Conducted by the Chinese government with support from WWF and other NGOs, the 49-day survey, which happened in late 2017, found the rate of decline of the world’s only freshwater porpoise has drastically reduced from almost 13 per cent per year between 2006-2012.
“The future of the smiling porpoise is still at risk but this census provides signs of hope that we can save the species from extinction,” said Lo Sze Ping, CEO of WWF China. “Concerted efforts by government, scientists, businesses, communities and conservationists have made a real difference and slowed the decline in the Yangzte finless porpoise, but we need to redouble our efforts because this iconic species still faces huge threats.”

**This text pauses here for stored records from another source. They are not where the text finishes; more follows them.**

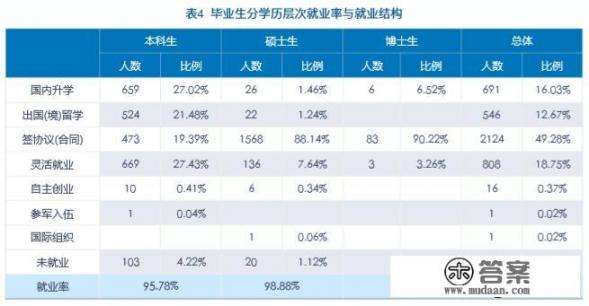 央财2+2国际本科靠谱吗？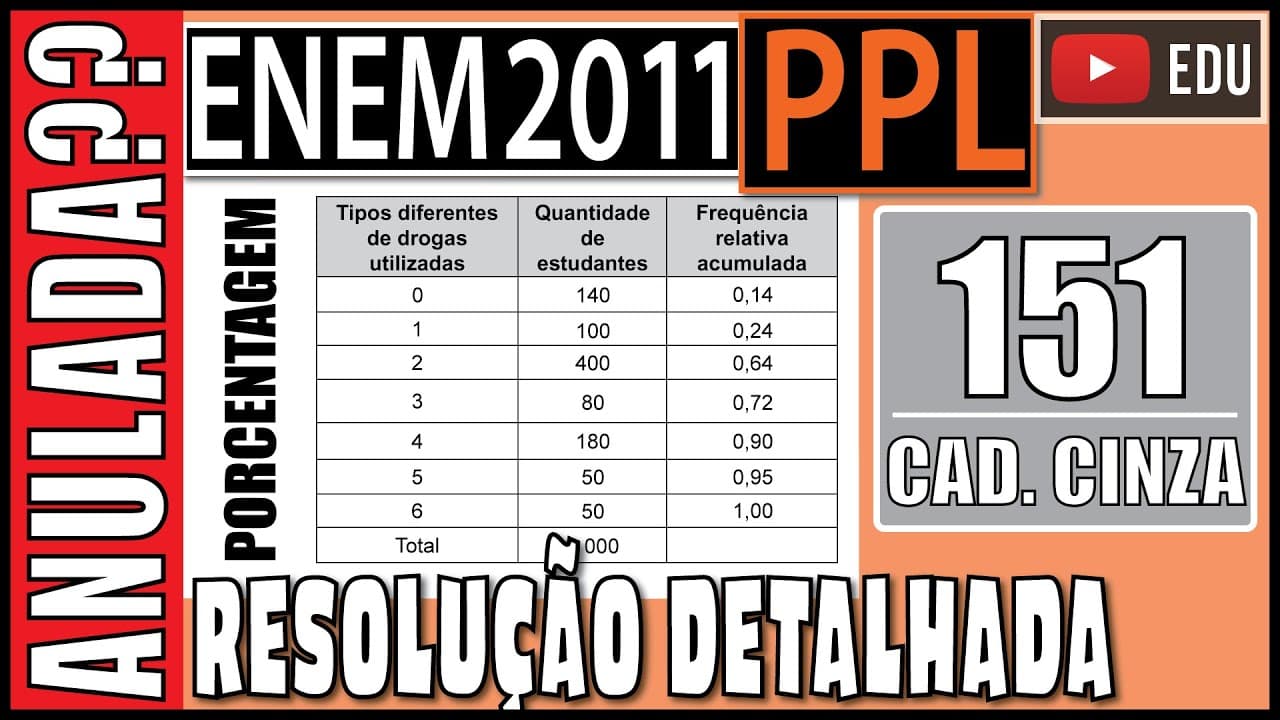 Thumbnail: [ENEM 2011 PPL] 151 📓 PORCENTAGEM Uma universidade decidiu promover uma coleta de informações que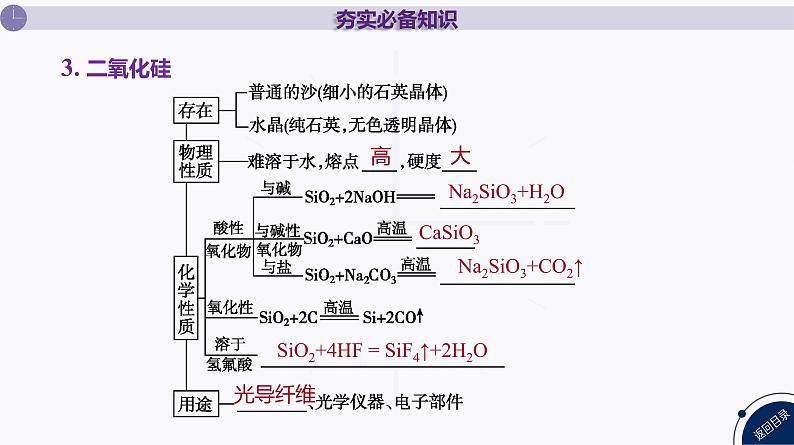 课件  高考化学一轮复习第五单元 化工生产中重要非金属元素   第二十一讲　无机非金属材料06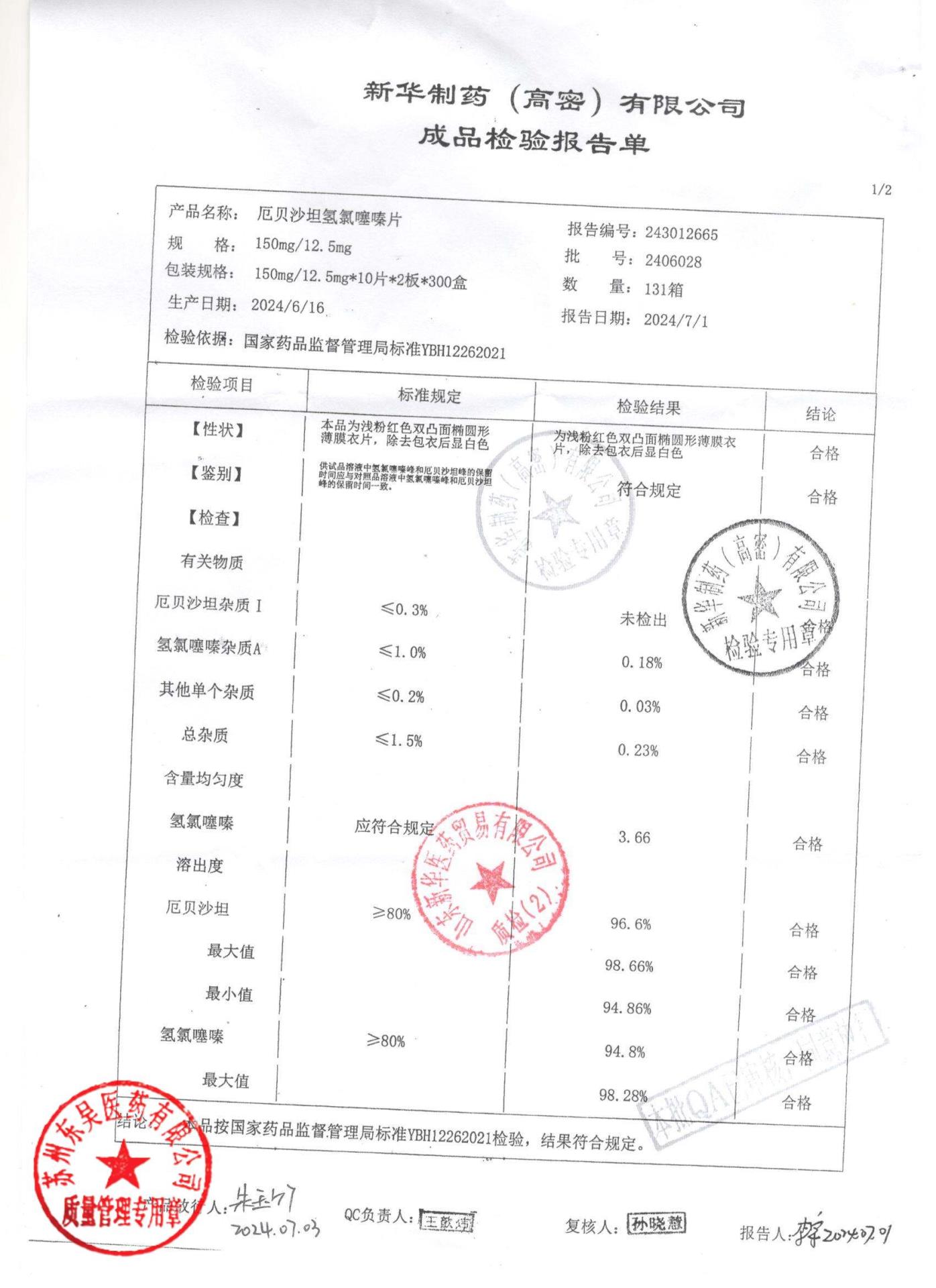 2406028厄贝沙坦氢氯噻嗪片1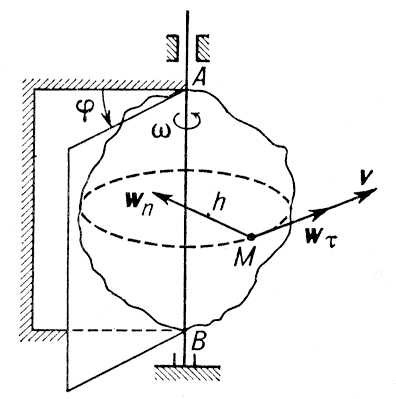 Большая Советская Энциклопедия (ВР) - i009-001-221871182.jpg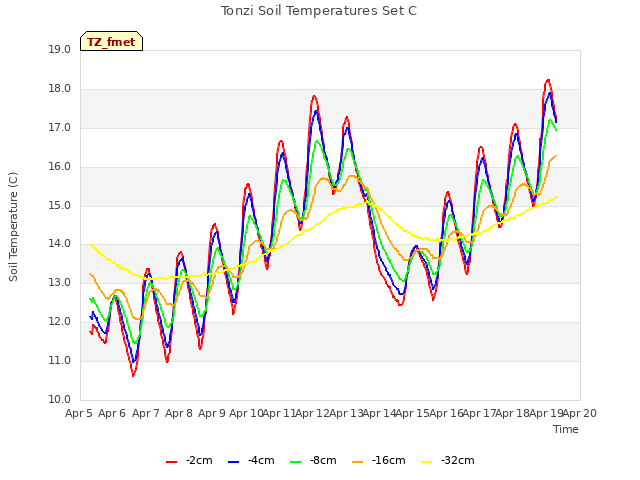 plot of Tonzi Soil Temperatures Set C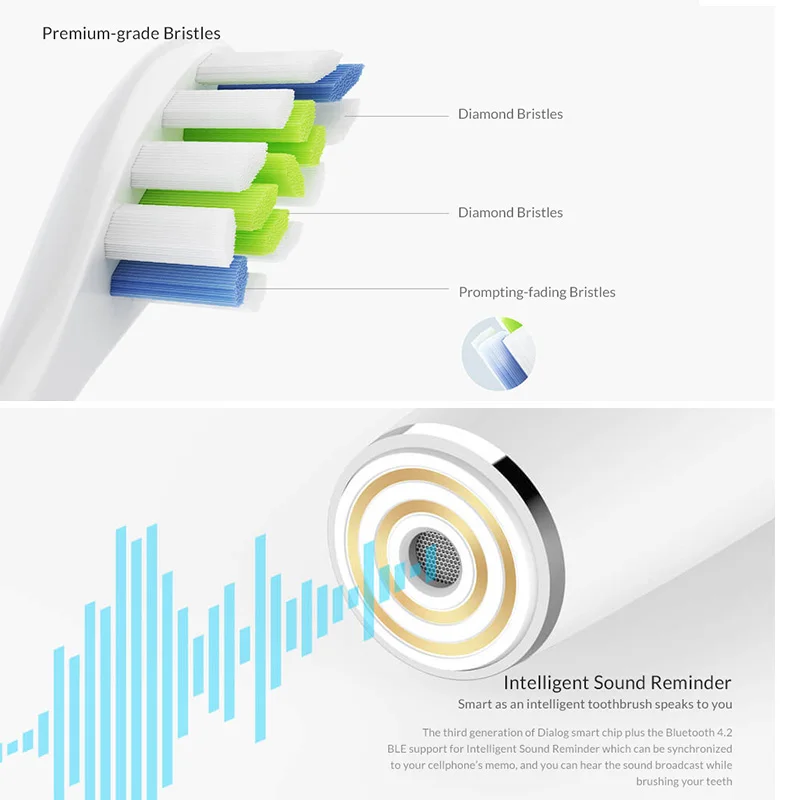 Oclean одна электрическая зубная щетка международная версия Автоматическая звуковая перезаряжаемая зубная щетка приложение управление для взрослых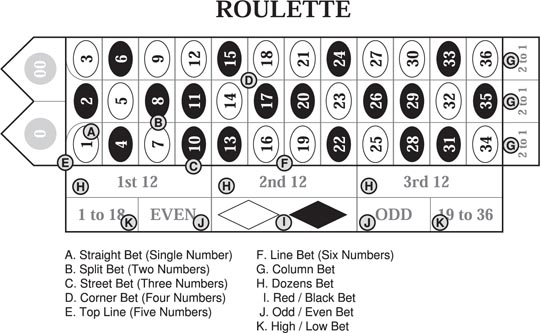 Roulette Diagram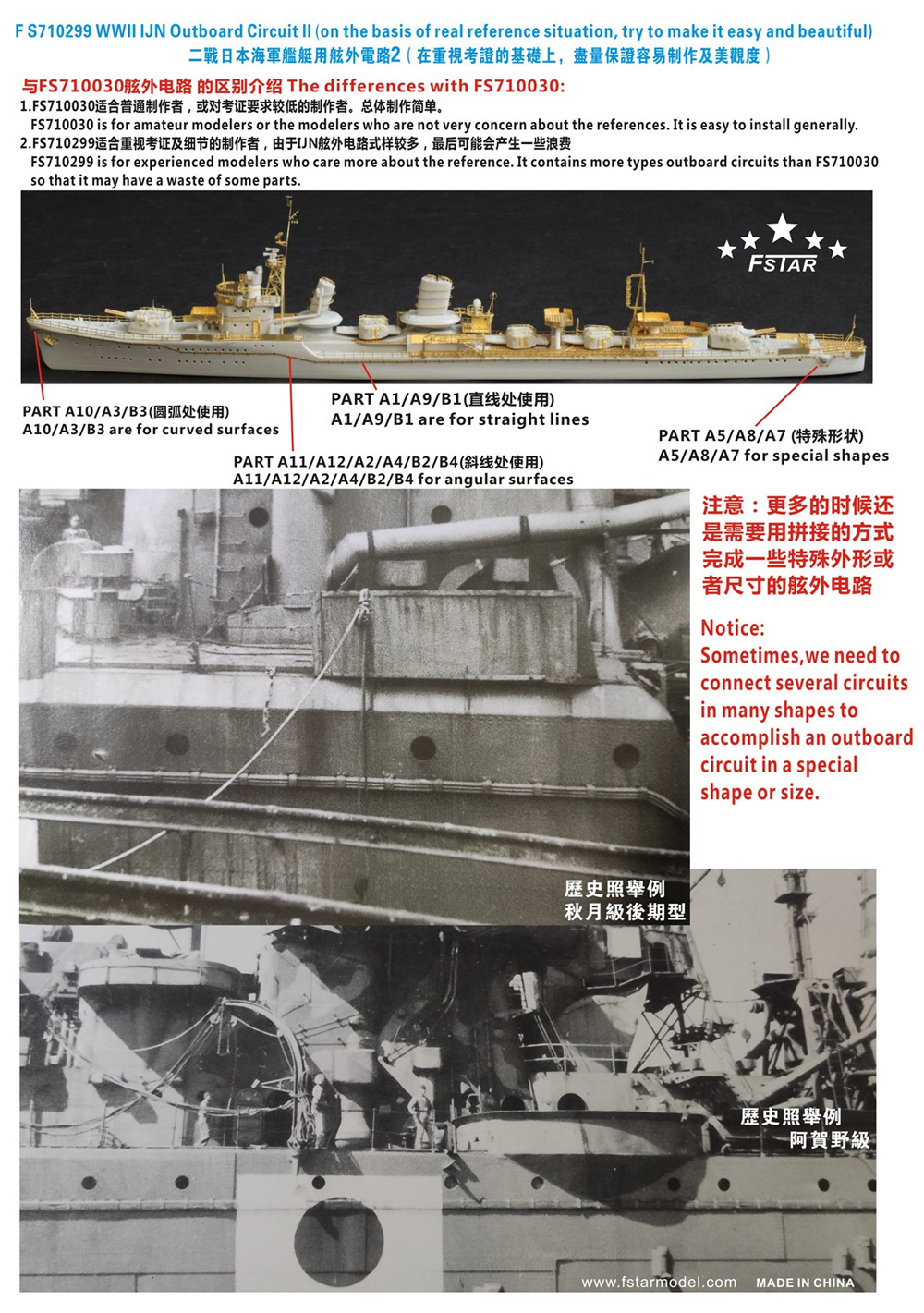 日本海軍 船外電路 2 エッチング (ファイブスターモデル 1/700 艦船用 汎用 ディテールアップパーツ No.FS710299) 商品画像_1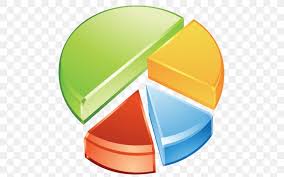 pie chart statistics png 512x512px chart apple icon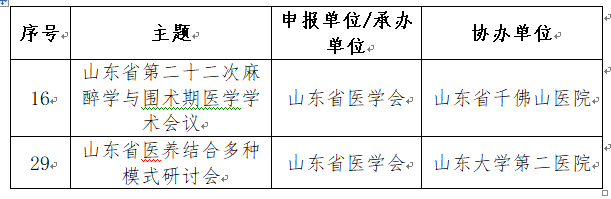 省医学会2个项目入选省科协2019年度泰山科技论坛项目
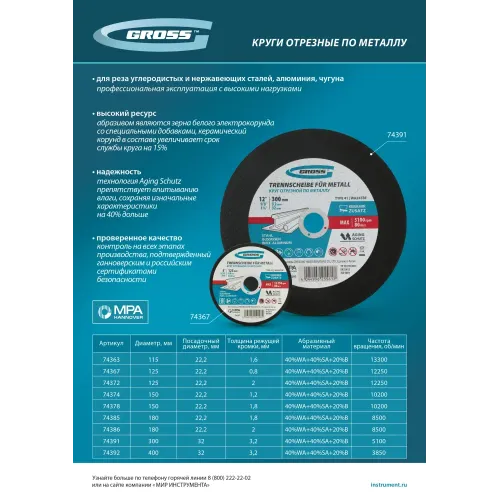 Круг отрезной по металлу, 125 х 2,0 х 22,2 мм, WA60TBF Gross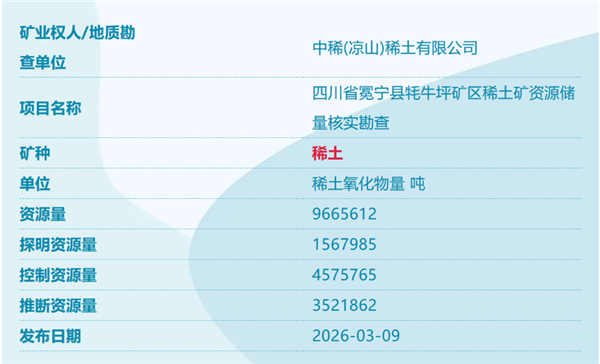 我国又发现四个新矿！详细信息公布：四川冕宁稀土资源量9665612吨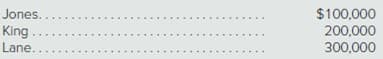 King...
Lane.
$100,000
200,000
300,000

The Yangtze finless porpoise is now split between three habitats. While the estimated population increased slightly in both Dongting Lake (from 90 to 110) and Poyang Lake (450 to 457), the number of individuals in the Yangtze mainstream fell (505 to 445).
Since the last census in 2012, the Chinese government’s decisions to extend fishing bans, crack down on illegal fishing and restrict sand mining have played a critical role in slowing the decline of the species. Hopes of saving the porpoise have also been boosted by a series of successful relocations in recent years.
In 2016, the government also established environmental protection as the first priority in the Yangtze River Economic Belt and launched a 10-year plan to save the finless porpoise.
“Saving the finless porpoise will have huge benefits for the hundreds of millions of people, global businesses and other species that depend on a healthy Yangtze,” said Sze Ping.
However, finless porpoises are still at serious risk from accidental by-catch, pollution, the impacts of remaining sand mining, shipping and poorly-planned water infrastructure projects.
“Slowly we’re turning the tide and it’s no longer impossible to believe that we can make an amends and save these incredible animals from extinction,” said Stuart Orr, WWF Leader Freshwater Practice. “The latest census offers a symbol of hope – not just for the finless porpoise and other endangered species that share our major rivers but for people too because we’re intrinsically linked. Thriving freshwater mammals reflects a healthy river system, which offers a life source for billions of people.”